Cushman & Wakefield's Pamela Mendelsohn On Her Re-Creation of S.F.'s Retail Districts
Cushman & Wakefield senior managing director Pamela Mendelsohn has shaped the way retail has grown in San Francisco, making S.F.'s retail districts as unique as the city itself.
As a commercial real estate broker, she's helped bring an eclectic assortment of retailers from all around the world to the San Francisco Bay Area, giving a bit of an edge to San Francisco’s retail districts.
Mendelsohn (above right with Cushman & Wakefield senior associate Sarah Brett Schwartz) loves breaking retail districts away from the norm. For example, Hayes Valley used to be all shoes, she said. She’s helped rejuvenate and transform Jackson Square to attract a younger crowd of shoppers and reshaped Fillmore Street, Valencia/Mission District, NOPA, Union and Chestnut streets, and Sacramento Street.
She worked with Lululemon back when it was an international company with five stores in Canada and helped bring them to the US. She’s also worked with Blue Bottle and helped with its expansion and placement of its roastery in the Produce District in Oakland.
“I love bringing tenants that add value to a neighborhood and that the tenants and landlords can be proud of,” Mendelsohn said. “I give 150% when I work on something.
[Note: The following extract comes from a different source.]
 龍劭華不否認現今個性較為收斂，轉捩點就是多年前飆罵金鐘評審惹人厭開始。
I care about this city.”
She's now part of Cushman & Wakefield's next big retail leasing project. Mendelsohn, Cushman & Wakefield vice chairman Kazuko Morgan and senior managing director Vikki Johnson have been tasked with filling up the newly constructed Cypress Equities’ 6X6 multilevel shopping center in San Francisco’s Mid-Market district. The 250k SF six-story retail shopping center is in the heart of Mid-Market and is one of largest retail centers since the Metreon.
Seeing The Whole Block And Not Just The Store
Mendelsohn typically sees the big picture when it comes to placement of retailers. Everything along a block or within a shopping center feeds into one another.
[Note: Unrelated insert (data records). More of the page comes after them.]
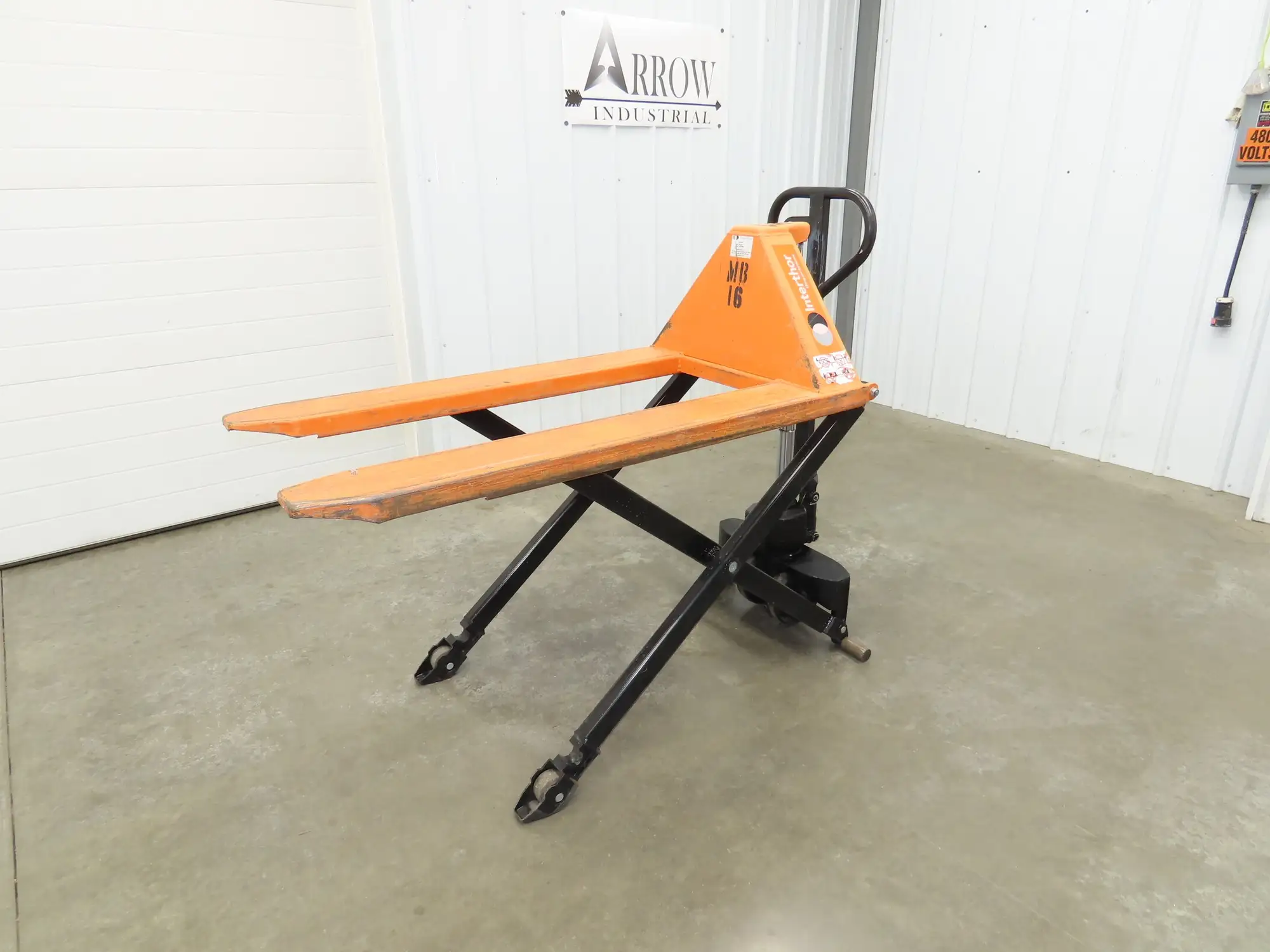 Interthor MSL2745 Manual Pallet Lifter 2200lb Jack 45" Long 32" Lift Height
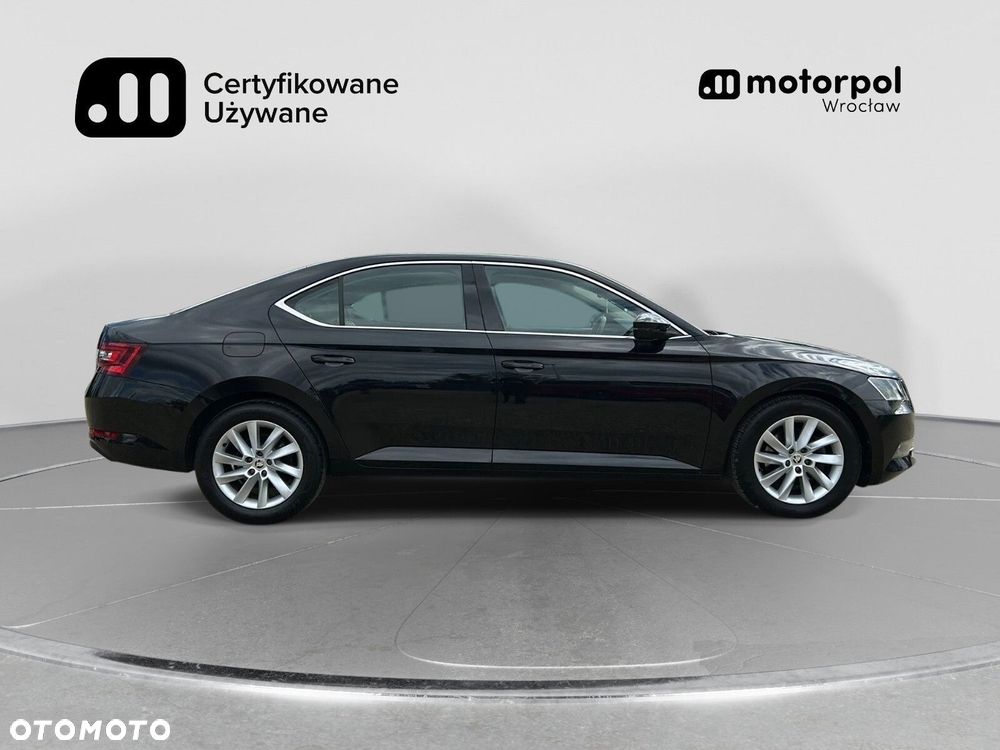 Skoda Superb 2.0 TDI SCR Style DSG - 17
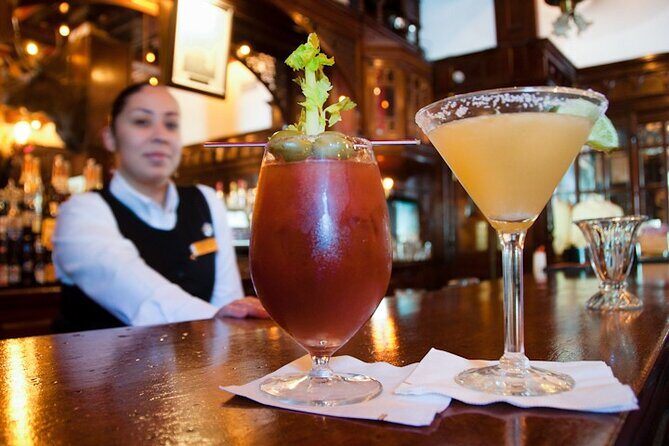 Private Drunk History Tour: 4 historic bars & 5+ hours - Exploring the San Antonio Drunk History Tour in Detail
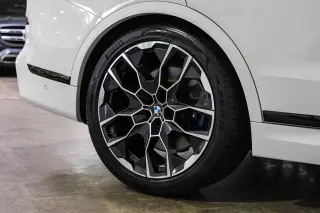 2023 BMW X7 M60i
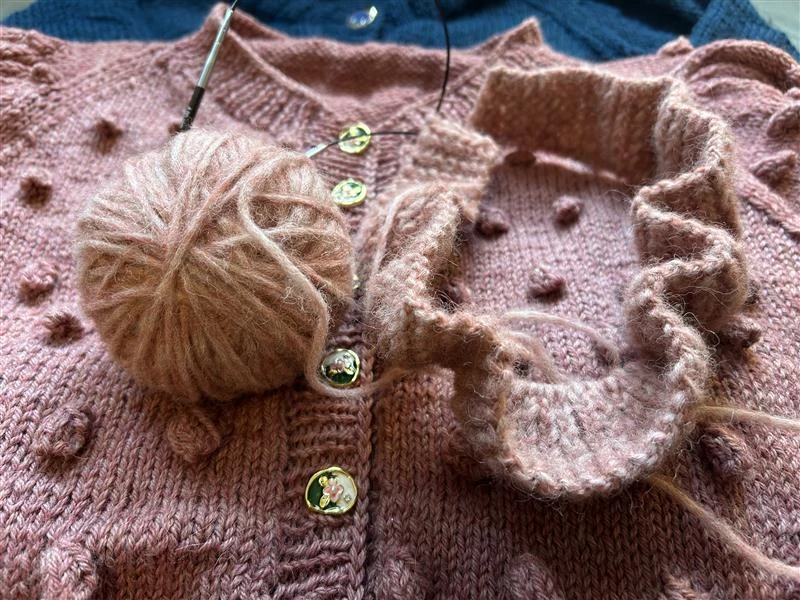 Babcine pasje bez kompleksów: szydełko, druty i glina Babcine pasje bez kompleksów: szydełko, druty i glina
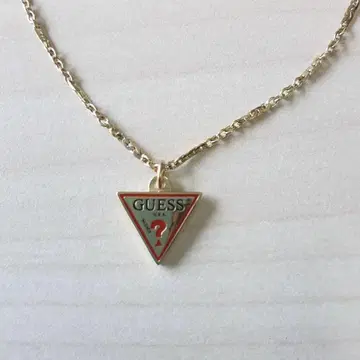 GUESS 게스 삼각형 목걸이 골드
“I tell people retail merchandizing is like a football field. Something needs to be exciting on the 10-yard line to attract people from the 50-yard line,” Mendelsohn said.
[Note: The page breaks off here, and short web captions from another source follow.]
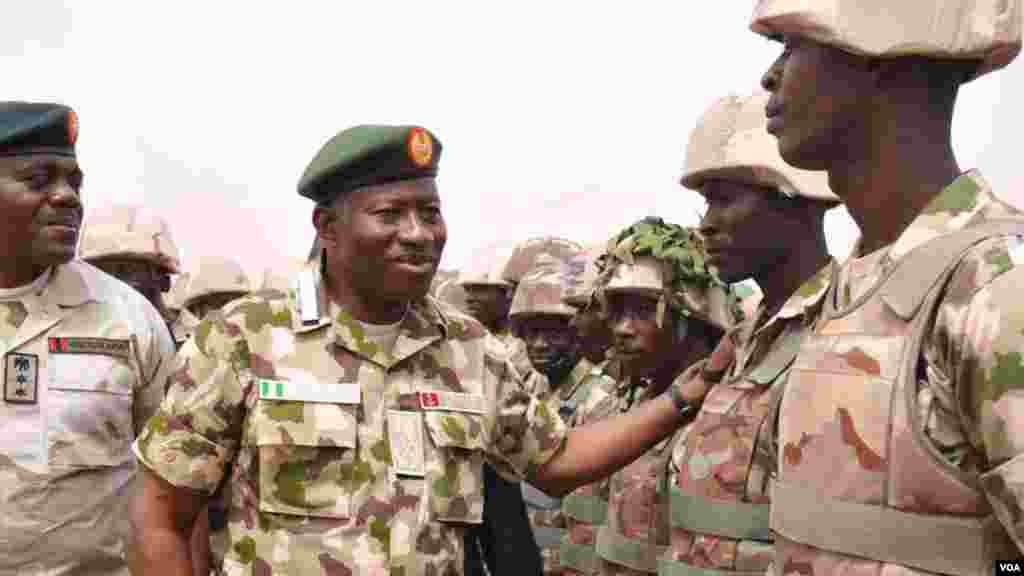 Shugaba Goodluck Jonathan ya ziyarci garin Baga dake jihar Borno, don yabawa dakarun Najeriya da suka kwato yankunan da a da suke hannun &lsquo;yan Boko Haram.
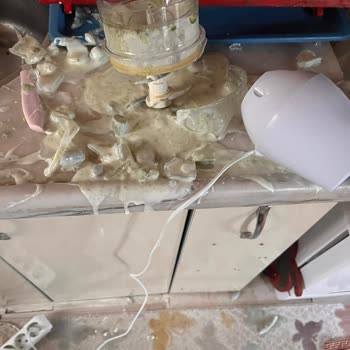 Beko Markalı Doğrayıcı Patladı Ve Ayağıma Camı Saplandı...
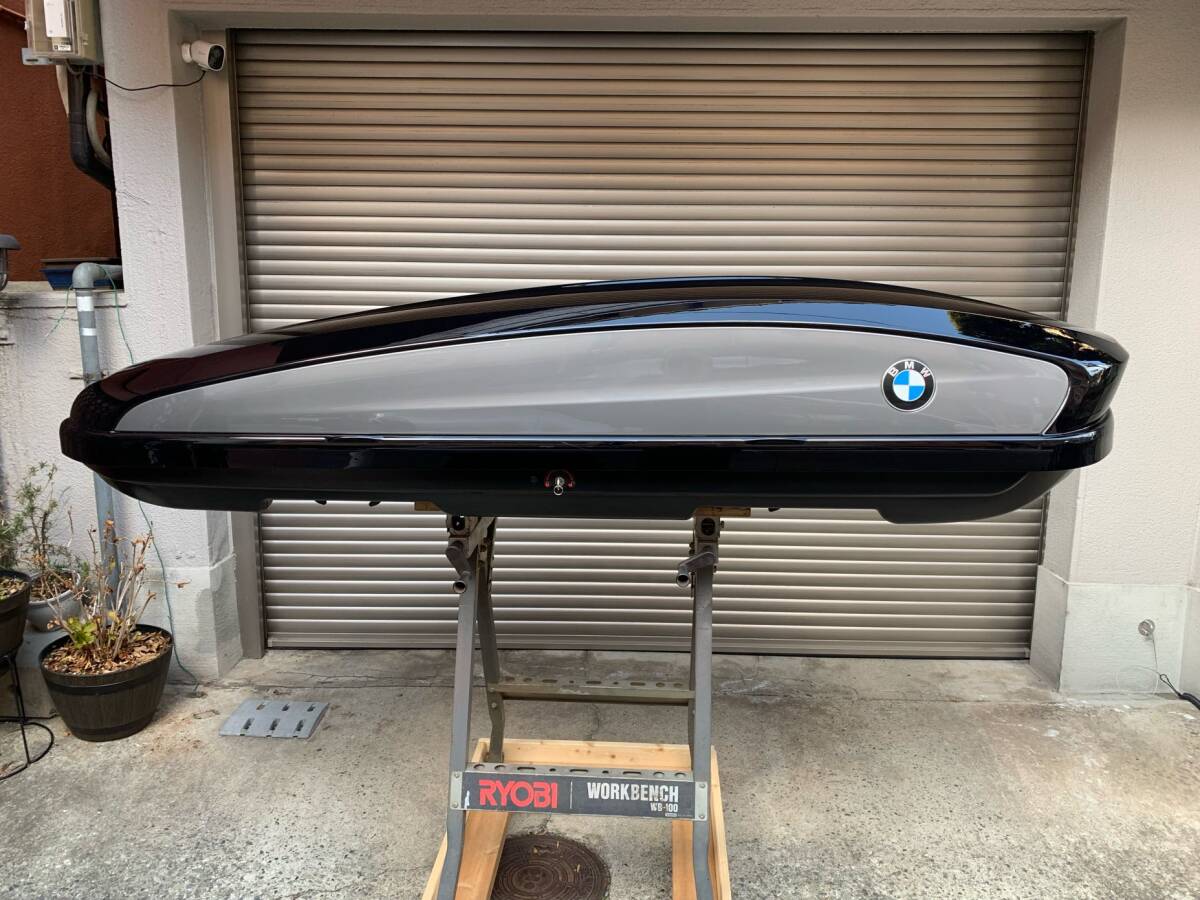  BMWルーフボックス 320L ブラック/チタンシルバー THULEパワークリック仕様：脱着簡単(ルーフキャリア)｜売買されたオークション情報、yahooの商品情報をアーカイブ公開 - オークファン ルーフキャリア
Mendelsohn said San Francisco’s retail and restaurant industry continues to thrive even with some restaurants facing high turnover. She said there are plenty of replacement restaurants waiting in the wings and sometimes it comes down to restaurateurs incorrectly profiling their customers.
“Every time a merchant opens, they are optimistic about their chances for success,” Mendelsohn said.
She's been seeing a lot of interest from artisanal chefs who want to use smaller spaces. Chefs are also looking at expanding into second locations or opening up in not-so-pristine areas where rent is more affordable.
Tenants are becoming more open-minded and are OK with backfill concepts. Tenants are also preferring totally built out spaces that they can make their own quickly. Customers also want to go out to eat somewhere away from where they live or work.
She said a lot of the restaurants she and her partner, Cushman & Wakefield senior associate Sarah Brett Schwartz, who was brought onto the team in October, rep end up becoming Michelin-starred and Best Chef restaurants, such as State Bird and The Progress. She’s brought Nico, Monsieur Benjamin, Boulevard, Lord Stanley and a re-tooled Tosca to the city. Mendelsohn recently repped the landlords in the Saison and Petit Crenn transactions.
Mendelsohn’s life has always revolved around retail. She was a merchant’s daughter and has worked on the landlord side and for many developers and knows both sides of the business.
Mendelsohn and Schwartz are very hands-on with their clients and will help in any way they can.
“I treat tenants as I would treat my own family,” Mendelsohn said, which sometimes means hand-holding and offering them marketing and tips about the business.
Over the years, her process has evolved into one that favors trailblazing, unique stores and she has had success in encouraging her clients to break from the norm. One landlord wanted to bring in a regular athletic retailer, but Pam convinced him to take a chance on an international lingerie store from London instead. The move paid off and later attracted other high-end retailers such as Paul Smith, Alexander McQueen and Acne Studios.
“No deal is too small for me. I like creating something interesting and edgy whether that’s a new restaurant or retail,” Mendelsohn said.